• What the task requires
Your answer should hold the data exactly as given, minus any picture.

• Information supplied
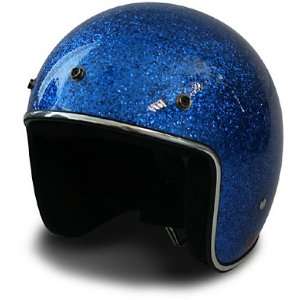 HCI 10 Blue Glitter Open Face Motorcycle / Scooter Helmet with Bubble 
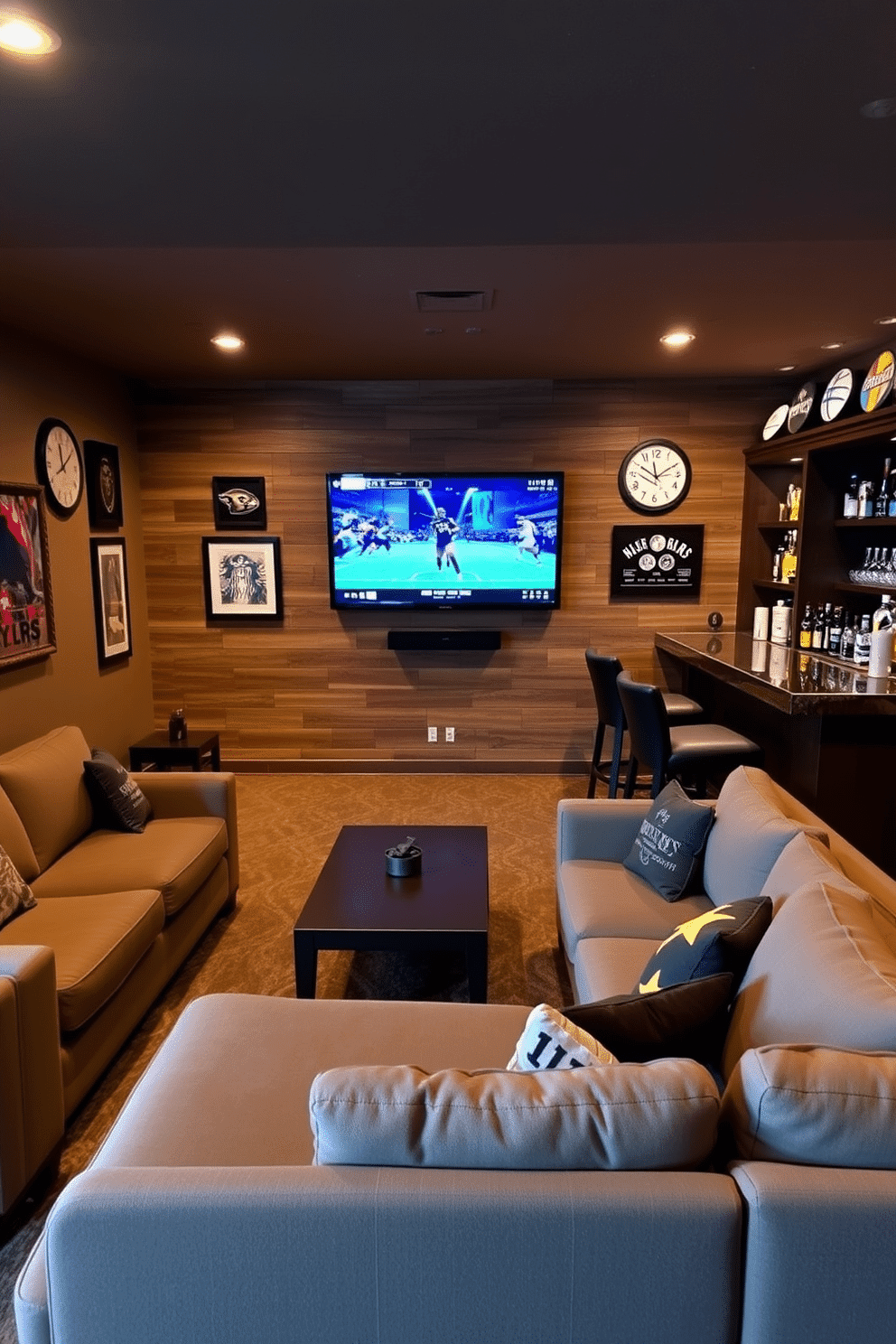 A cozy man cave featuring a wall-mounted TV, perfect for game nights. The room is outfitted with plush seating, a large sectional sofa, and a sleek coffee table, all arranged for optimal viewing. On one side, a stylish bar area boasts a polished wooden counter with high stools, stocked with an array of spirits and glassware. Ambient lighting creates a warm atmosphere, while sports memorabilia decorates the walls, enhancing the theme of relaxation and entertainment.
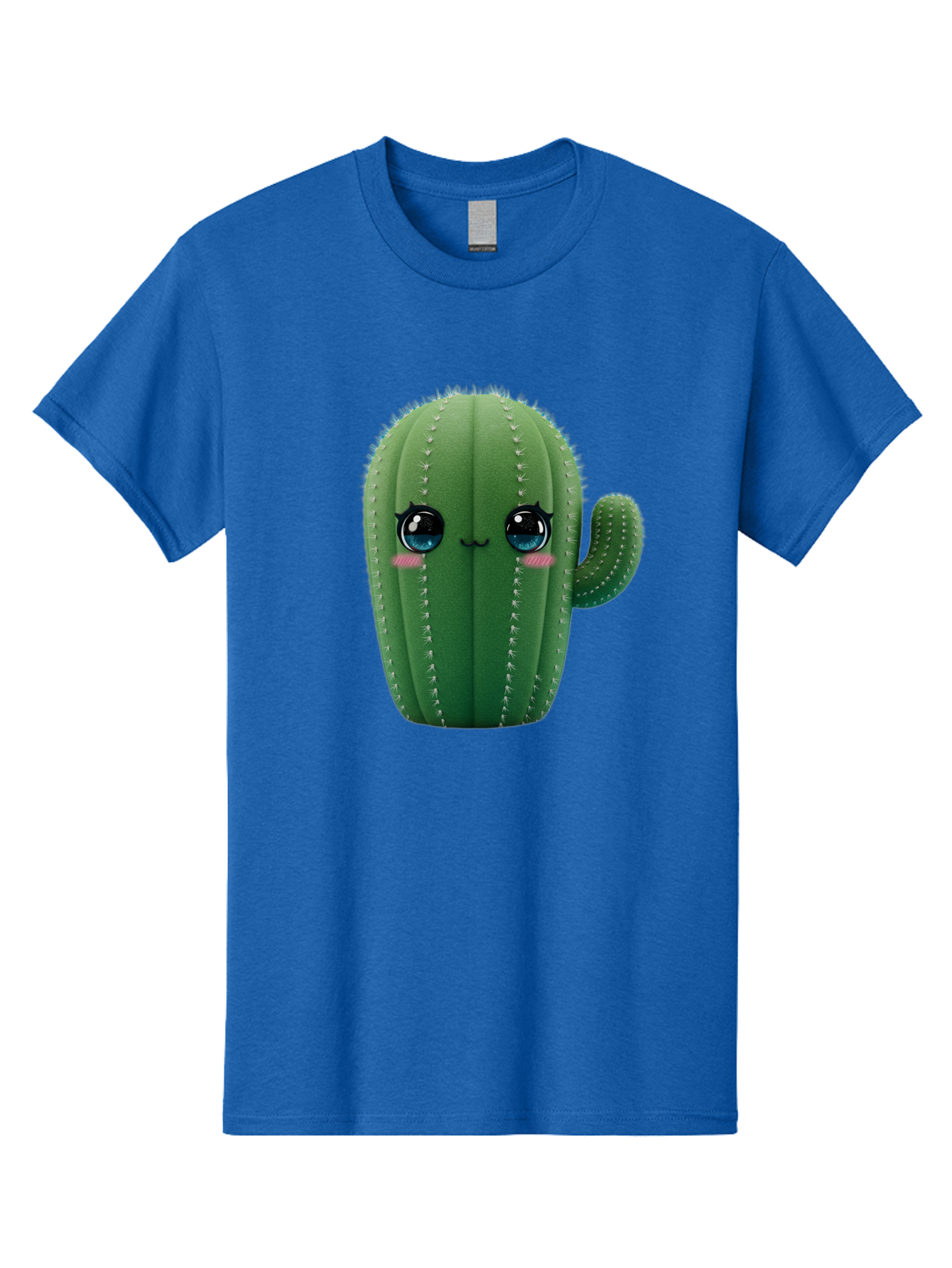 Cute-Cactus Men'S Graphic Tee, 100% Cotton, Comfortable Casual Summer Wear, Machine Washable, Cartoon Cactus, Cute Plush Toy, Adorable Desert Plant, Kawaii Character, Soft Toy, Blue Eyes, Smiling Face, Pink Cheeks Bac962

• Result below
 HCI 10 Blue Glitter Open Face Motorcycle / Scooter Helmet with Bubble 
 A cozy man cave featuring a wall-mounted TV, perfect for game nights. The room is outfitted with plush seating, a large sectional sofa, and a sleek coffee table, all arranged for optimal viewing. On one side, a stylish bar area boasts a polished wooden counter with high stools, stocked with an array of spirits and glassware. Ambient lighting creates a warm atmosphere, while sports memorabilia decorates the walls, enhancing the theme of relaxation and entertainment.
 Cute-Cactus Men'S Graphic Tee, 100% Cotton, Comfortable Casual Summer Wear, Machine Washable, Cartoon Cactus, Cute Plush Toy, Adorable Desert Plant, Kawaii Character, Soft Toy, Blue Eyes, Smiling Face, Pink Cheeks Bac962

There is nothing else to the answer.